The Bert and Peggy DuPont Lecture: "Love, Death, and Commitment: Twenty Three Years of HIV and Genocide Prevention in Africa" or "Passionate not equal Unhinged"

2010 
Over the last 20 years, HIV emerged as the #1 cause of death in African adults, and the Rwanda genocide became the most concentrated mass murder in recorded history. Though one catastrophe surfaced slowly and inexorably while the other smoldered for years before exploding in 1994, the lessons learned are similar. In both situations, the international community has combined moral bankruptcy with a spectacular display of incompetence. Genocide masterminds continue living in Michigan, Minneapolis and Boston, brazenly planning the final extermination of the Tutsi. Students of law, diplomacy and international development are astoundingly sanguine about this, as though our current abdication of responsibility today is mitigated by the centuries of unprincipled idiots who preceded us. If medicine operated this way we'd still be treating syphilis with arsenic. Unfortunately, medicine has lost the moral high ground in Africa through missed opportunities and misappropriation of resources.

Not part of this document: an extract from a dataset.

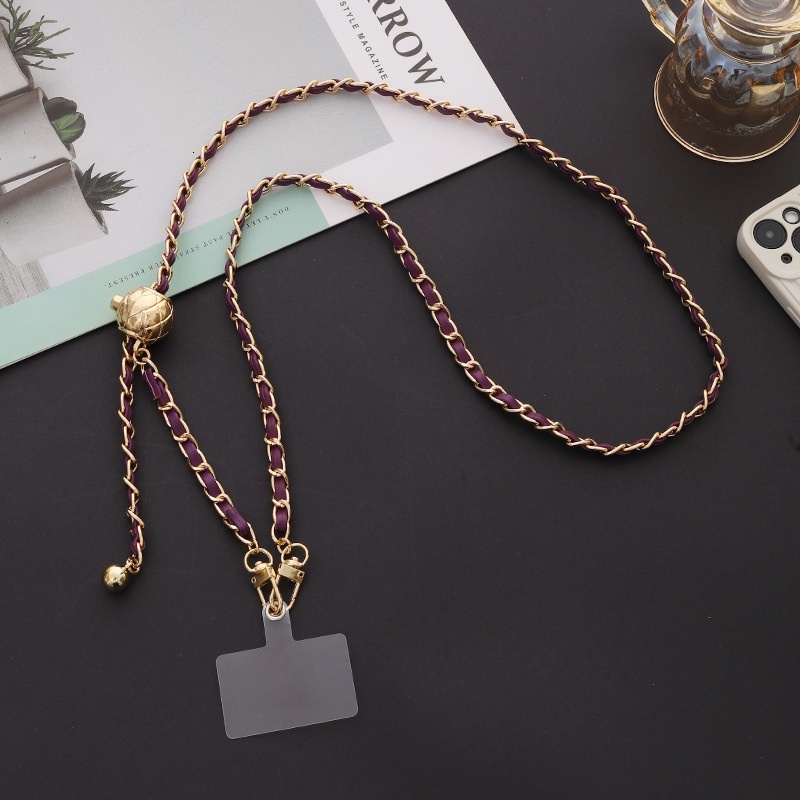 Yi Lian's new metal adjustable leather piercing DIY phone case accessories, hand woven diagonal cross chain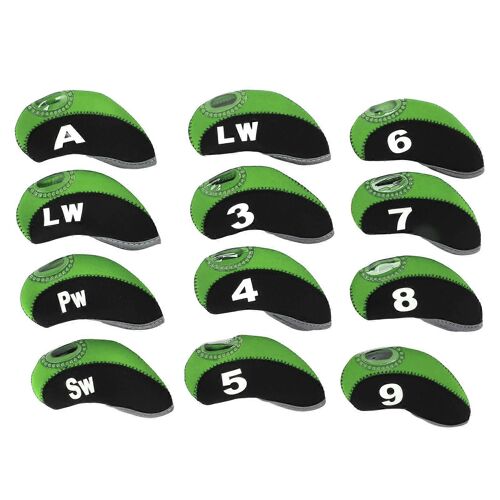 Lot De 12 Couvre-Têtes De Club De Golf, Avec Numéro De Poteau De Fer, Noir Et Vert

In the last five years we have spent 20% of the US bilateral foreign assistance budget putting 2.5 million Africans on anti-retroviral treatment (ART), while twice that number of new HIV infections occurred. We tested 50 million Africans for HIV without acting on the evidence and common sense: rather than—transmission happens between two people. Had we tested Africans as couples, a prevention strategy proven to be effective in multiple publications since the early '90s, we could have averted more HIV infections than we are now treating, and at a fraction of the cost.